Roy Lee, a former Columbia University sophomore and self-styled entrepreneur, was suspended just weeks ago amid a storm of controversy. He invented a AI tool to cheat his way into offers from Amazon, Meta, and TikTok
That tool, Interview Coder, now rakes in $228,500 per month. With $224,000 in profits and a 99% margin, it has turned a disciplinary case into a triumph of viral entrepreneurship. For Lee, it’s not just a win—it’s vindication.
But for recruiters, this is not a revolution. It’s an implosion.
“The Interview Process Is Totally Broken”: Recruiters in Open Revolt
Inside the hiring rooms of top tech firms, desperation has replaced data.
“We tell candidates explicitly: don’t use AI in this round,” says one startup co-founder involved in hiring. “They nod. Then they cheat anyway.”
Interviewers recount disturbing new norms: candidates looking sideways off-camera, inserting full code blocks with no typing, or dodging screen sharing altogether. Others deliver eerily flawless answers to complex algorithm questions, only to stumble when asked to explain their own solutions.
“We’re not just watching for wrong answers anymore,” said one hiring manager. “We’re watching for signs they’re human at all.”
According to internal data from technical interview platforms, the proportion of suspected AI-assisted cheating cases has jumped from 2% in early 2023 to over 10% today.
Platforms once designed to filter out underqualified applicants are now used by AI-literate job seekers to stage-manage an illusion of mastery.

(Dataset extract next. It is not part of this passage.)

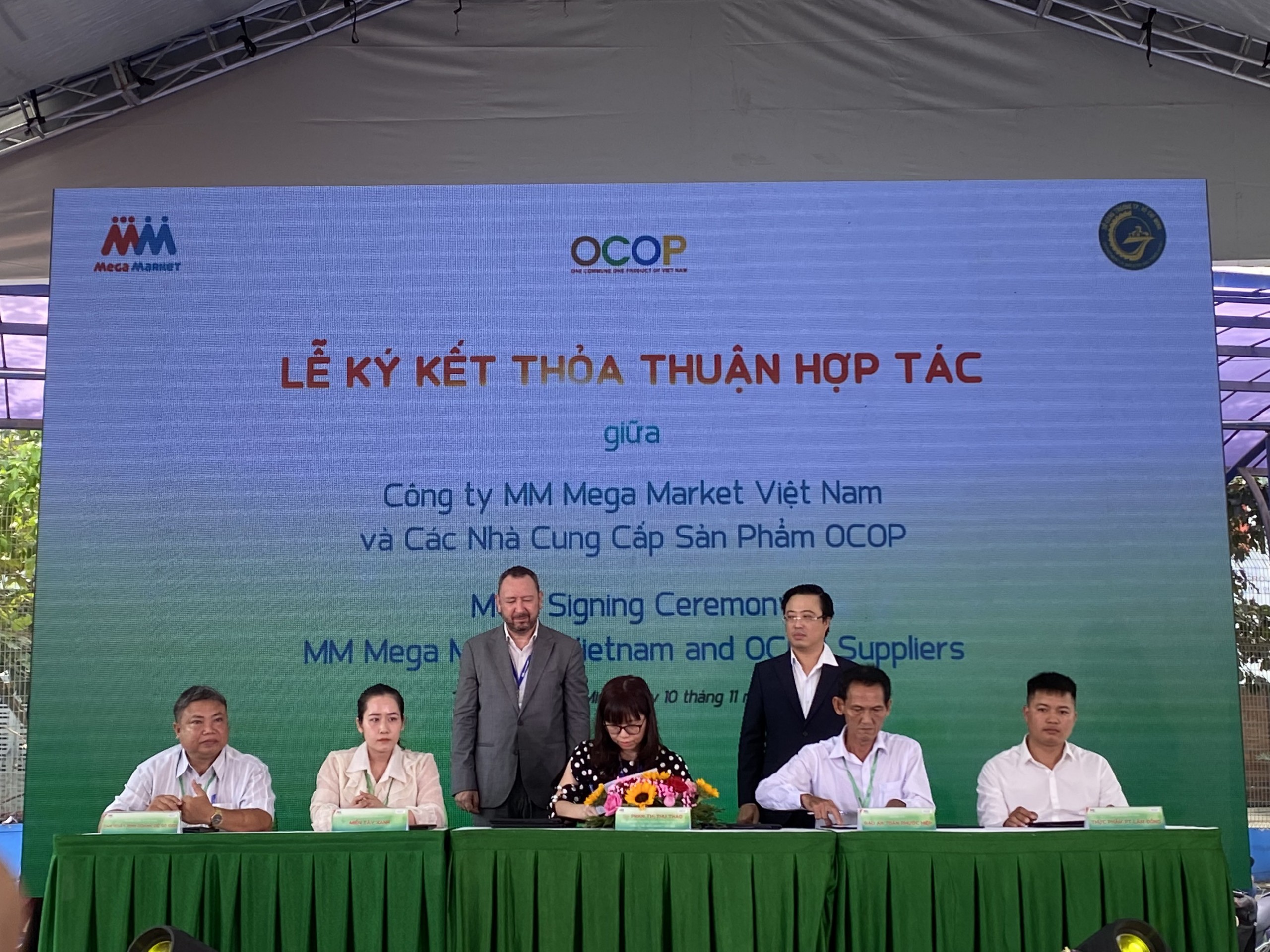 Lễ ký kết hợp tác tiêu thụ sản phẩm Ocop giữa MM Mega Market Việt Nam và các nhà cung cấp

The consequences are acute: wasted engineering time, shattered trust, and in some cases, entire hiring pipelines frozen.
A $60 Shortcut to Silicon Valley Stardom
Interview Coder operates with disarming simplicity. A candidate takes a photo of the coding question, and the AI tool—leveraging GPT—delivers an annotated breakdown, step-by-step reasoning, and a complete solution.

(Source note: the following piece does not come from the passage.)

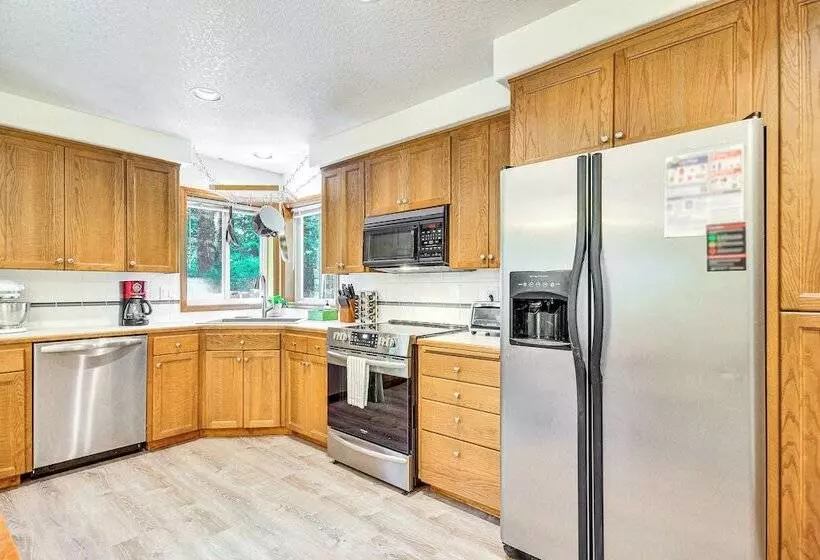 Rhododendron Retreat W/ Hot Tub: Steps To River!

An overlay interface ensures that everything remains hidden from screen-sharing detection. The mouse never appears to leave the browser. The candidate never appears to tab out. Yet every keystroke is scripted.
By mid-May, the tool is projected to cross $1 million in annual recurring revenue. Its virality is no accident. Lee documented his entire journey—from cheating Amazon to building the tool that did it—on YouTube and LinkedIn, garnering thousands of views.
His LinkedIn post about being expelled from Columbia sparked furious debate—and helped fuel subscription growth.
According to internal business data he released:
- 94% of revenue comes from the $60/month plan
- Monthly churn is about 35%
- Actual costs are minimal: a $3,000 Vercel hosting bill and $500 in Reddit ads
He claims nearly 10% of Google Summer Interns used the tool. No one has yet contradicted him.
Interview Coder Is Just the Beginning
If Interview Coder is the spark, Leetcode Wizard is the wildfire.
At €49/month with over 16,000 users, Leetcode Wizard brands itself the “#1 AI-powered interview cheat app.” With a claimed 93% pass rate and users boasting real FAANG offers, the tool goes further than its rivals: it diagnoses time complexity, generates clarification questions, and simulates “human-like” typing outputs to avoid detection.
Key features include:
- Undetectable screen overlays
- Global shortcuts invisible to interview platforms
- Strategically placed interface above the code editor
- Invisible to all major screen-recording tools
Despite being public, widely marketed, and downloaded from GitHub, the tool has—so far—never been flagged by a major technical interview platform.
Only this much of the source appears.